In Germany, neo-Nazis are still allowed to march, but it's very carefully regulated - no Swastikas, no Nazi tattoos showing, no chanting, no military music, only one banner per 50 protestors, and no goddam assault rifles.
When a neo-Nazi march is properly policed, you see the participants for the losers they are - two hundred pasty-faced nerds in polo shirts and chinos, carrying Roman shields. When it descends into a mass brawl, those 200 losers get the benefit of worldwide publicity, and it adds to the sense of liberal democracy breaking down - which is precisely what they want.

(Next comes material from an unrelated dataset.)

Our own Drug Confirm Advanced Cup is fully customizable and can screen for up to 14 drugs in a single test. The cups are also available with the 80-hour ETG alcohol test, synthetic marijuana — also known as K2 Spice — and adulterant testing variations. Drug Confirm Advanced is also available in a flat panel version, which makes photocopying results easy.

However, I don't think the far-right will necessarily consider Charlottesville a success, once their euphoria has died down. The rally gave their opponents a martyr, Heather Hayer. The 'Unite the Right' strategy allowed the entire alt-right to be lumped together as Nazis. Trump's apparent support for the Nazis has severely weakened him and may have led to the firing of his alt-right policy advisor Steve Bannon.

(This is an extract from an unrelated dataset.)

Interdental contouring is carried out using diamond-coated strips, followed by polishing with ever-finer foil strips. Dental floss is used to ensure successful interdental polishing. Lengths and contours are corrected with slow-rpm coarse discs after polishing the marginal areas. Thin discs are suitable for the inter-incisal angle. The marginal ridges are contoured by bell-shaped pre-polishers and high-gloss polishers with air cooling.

And it was a moment when far-right internet trolls finally showed their faces - they're now being identified, fired from their jobs, hounded from their neighbourhoods, and are hopefully on the FBI list of potential terrorists. Rough justice, but what did they expect, this isn't a game (although I think some of them think it is).
If you recognize any of the Nazis marching in #Charlottesville, send me their names/profiles and I'll make them famous #GoodNightAltRightpic.twitter.com/2tA9xliFVU
— Yes, You're Racist (@YesYoureRacist) August 12, 2017
When young white supremacists sob online about their careers and lives being ruined after they've been exposed, liberal Twitter laughs. But it is a tragedy when young people are seduced by a toxic ideology, and ruin their own and other people's lives as a result. It's a tragedy that 22-year-old Younes Abouyaaqoub was seduced by Islamic State, and destroyed his own and countless other lives in Barcelona this week. It's a waste of life, an increase in suffering, a failure of our society.

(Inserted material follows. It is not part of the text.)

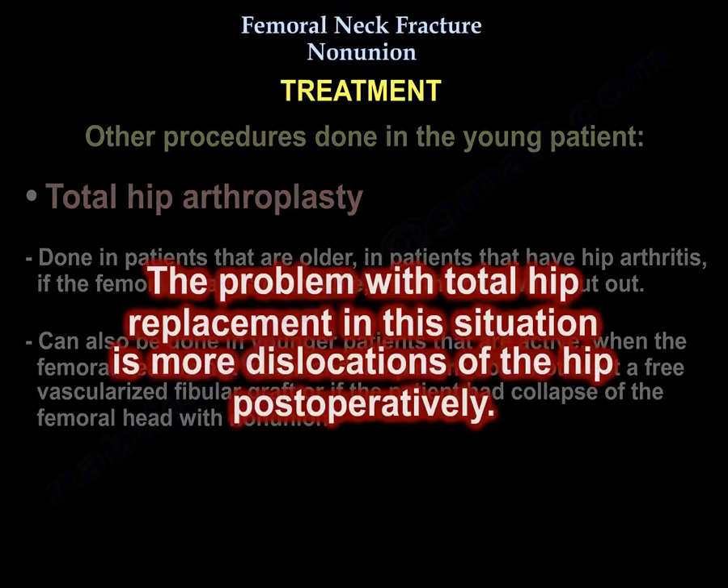The problem with total hip replacement in this situation is a higher rate of dislocations postoperatively. Thank you very much, I hope that was helpful.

We can seek to control hate speech. We can shut down the accounts and internet sites where it's allowed to proliferate. We can turn out on the streets in greater number than the extremists. We can identify and shame those who hide behind masks and online pseudonyms. We can help intelligence services tracking and infiltrating violent extremist groups. We can refuse to normalize violence as a political tactic.
But we also need to think how to defeat the arguments of extremist ideologies (far-left, far-right, Islamist), in order to save young people from throwing away their lives. One of the greatest tasks for any civilization is to pass on its values to its young men as they make the dangerous transition to adulthood. These young men think they're defending western civilization. We need to explain they're at risk of destroying it.